## Given entries
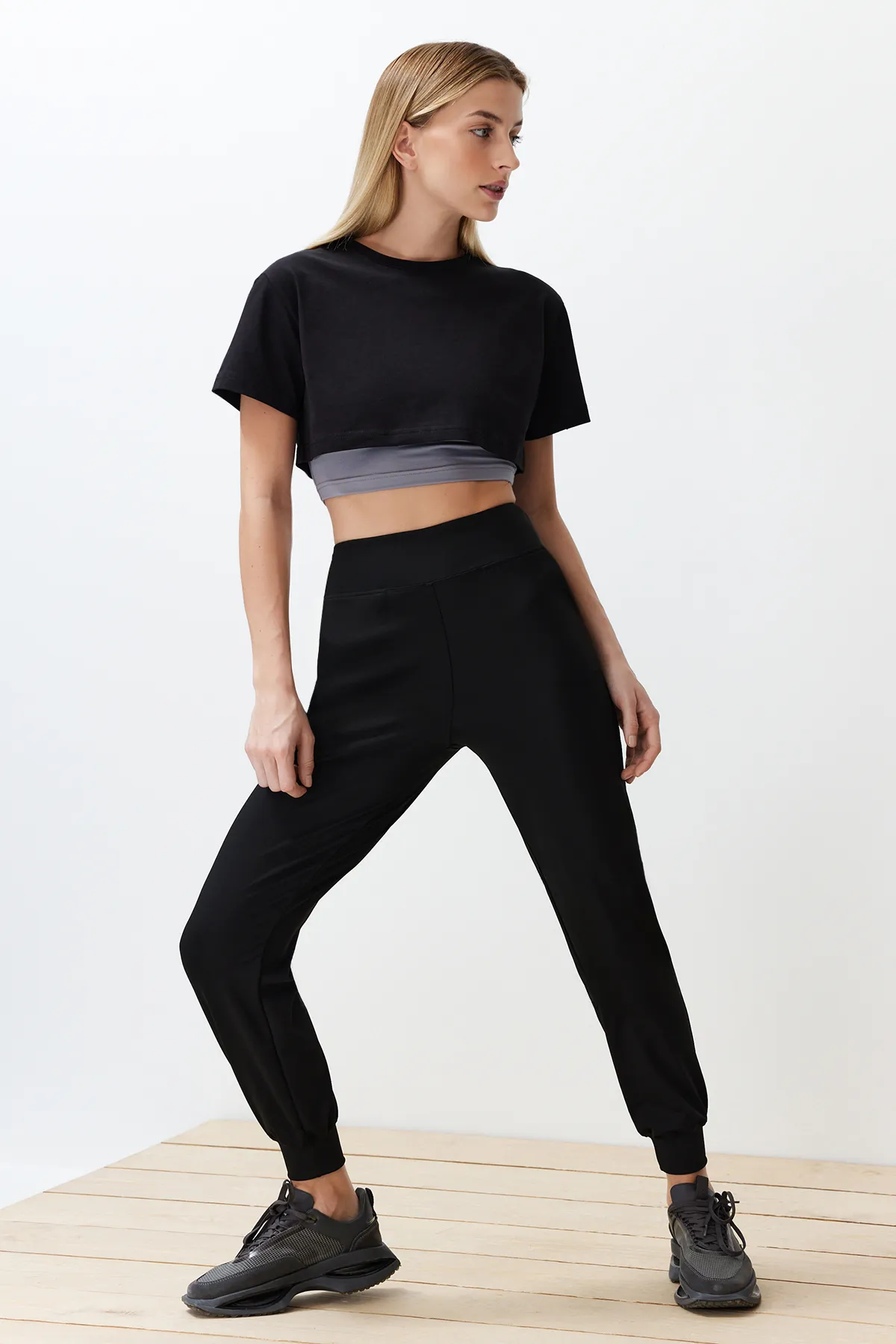 Trendyol Collection  Gestrickte Sport-Jogginghose aus schwarzem Taucher-/Tauchstoffgewebe mit bequemer Passform THMSS24EA00001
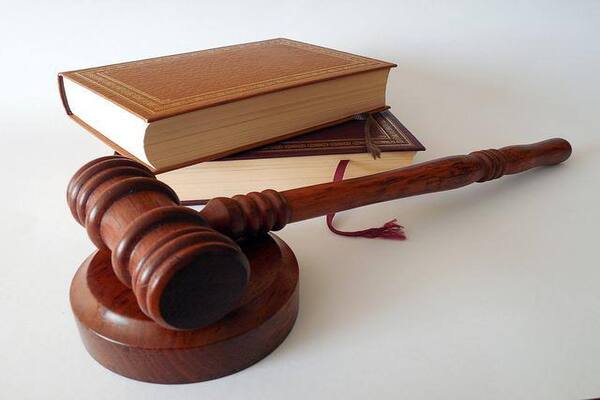 Прокуратура добилась реального наказания двум тамбовским адвокатам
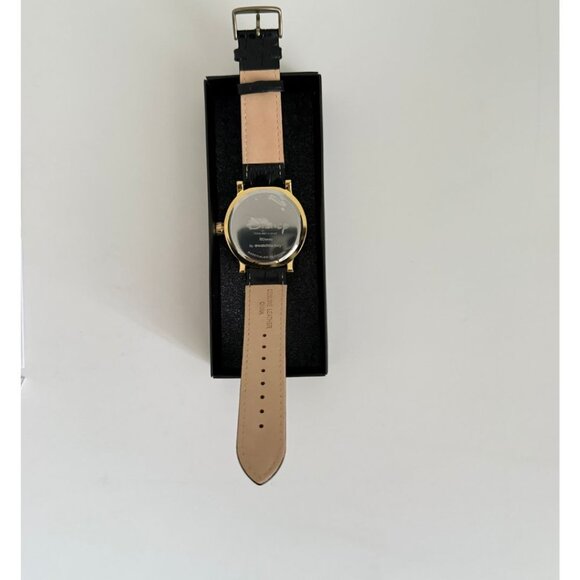 NWT - Disney Mickey Mouse Adult Vintage Analog Quartz Watch - Picture 5 of 16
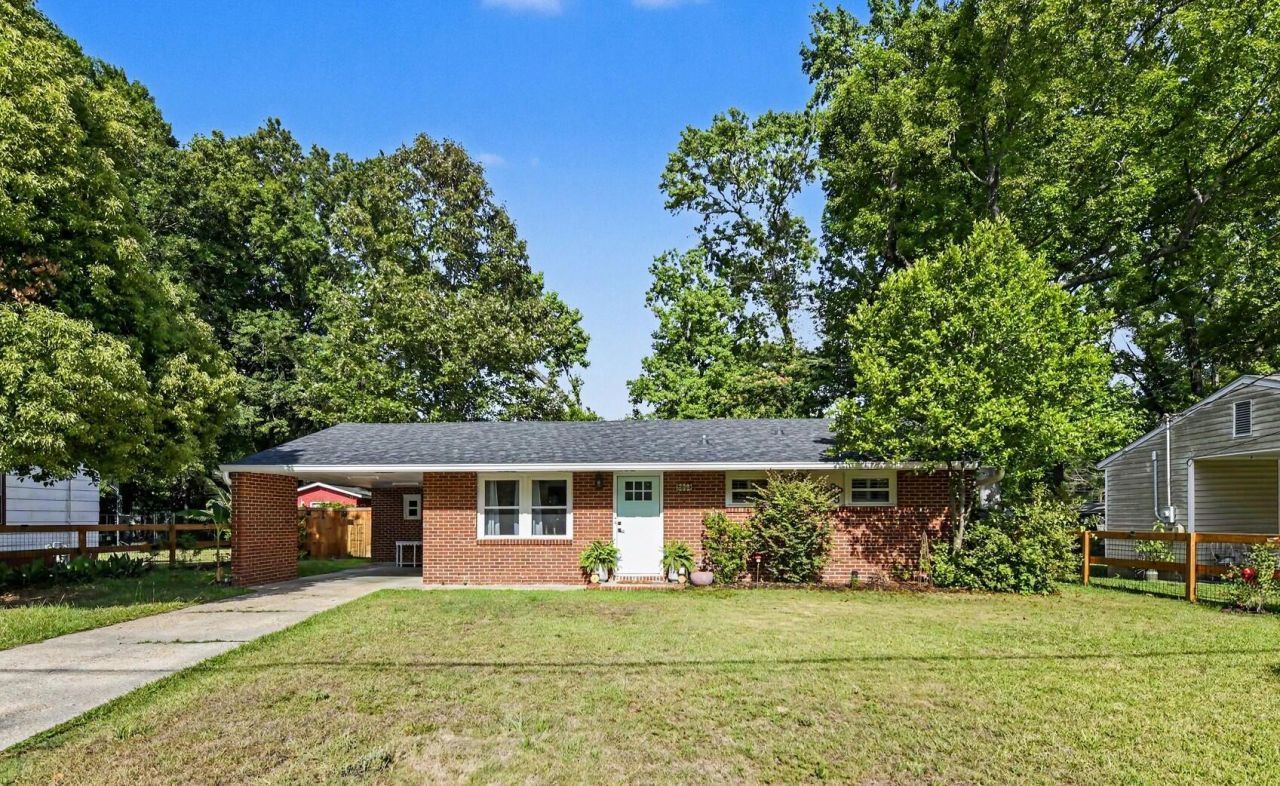 2633 Dellwood Avenue Photo 1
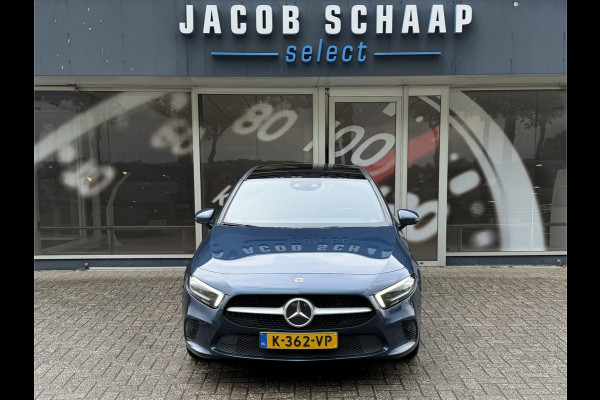 Mercedes-Benz A-Klasse 250 e Business Solution Luxury / Keyless / Trekhaak (1.600KG) / Panodak / Camera / Elek. Stoelen /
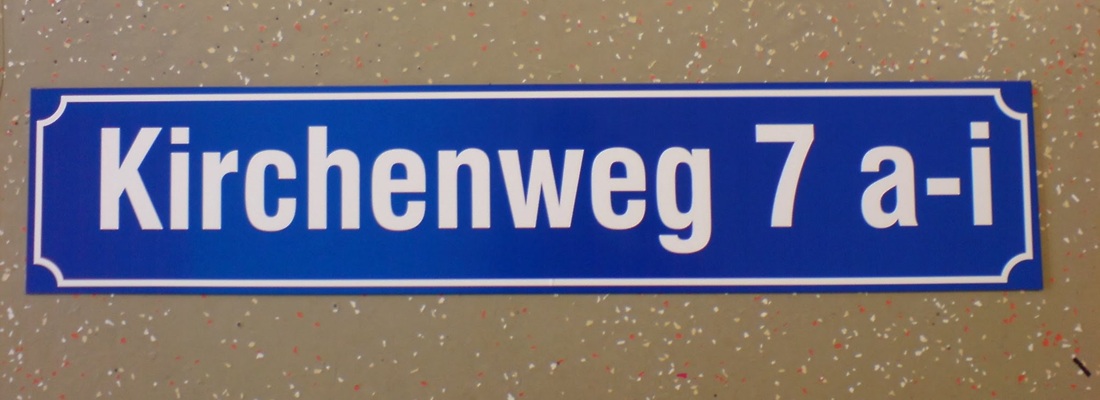 Blaues Straßenschild Kirchenweg 7 a bis i in Hamburg Allermöhe nahe Bergedorf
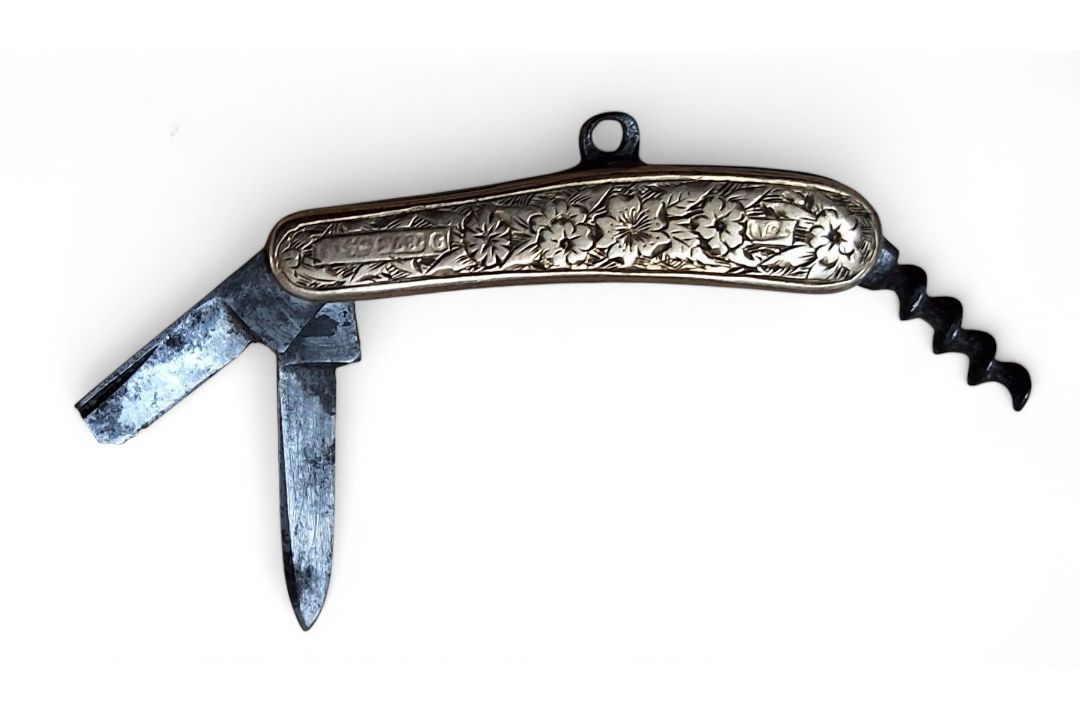 A late 19th/early 20th century novelty 9ct gold 'pistol grip' miniature pocket knife pendant, 9ct - Image 3 of 3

## Action item
Return every record above exactly as written, but drop the pictures.

## Result of this task
 Trendyol Collection  Gestrickte Sport-Jogginghose aus schwarzem Taucher-/Tauchstoffgewebe mit bequemer Passform THMSS24EA00001
 Прокуратура добилась реального наказания двум тамбовским адвокатам
 NWT - Disney Mickey Mouse Adult Vintage Analog Quartz Watch - Picture 5 of 16
 2633 Dellwood Avenue Photo 1
 Mercedes-Benz A-Klasse 250 e Business Solution Luxury / Keyless / Trekhaak (1.600KG) / Panodak / Camera / Elek. Stoelen /
 Blaues Straßenschild Kirchenweg 7 a bis i in Hamburg Allermöhe nahe Bergedorf
 A late 19th/early 20th century novelty 9ct gold 'pistol grip' miniature pocket knife pendant, 9ct - Image 3 of 3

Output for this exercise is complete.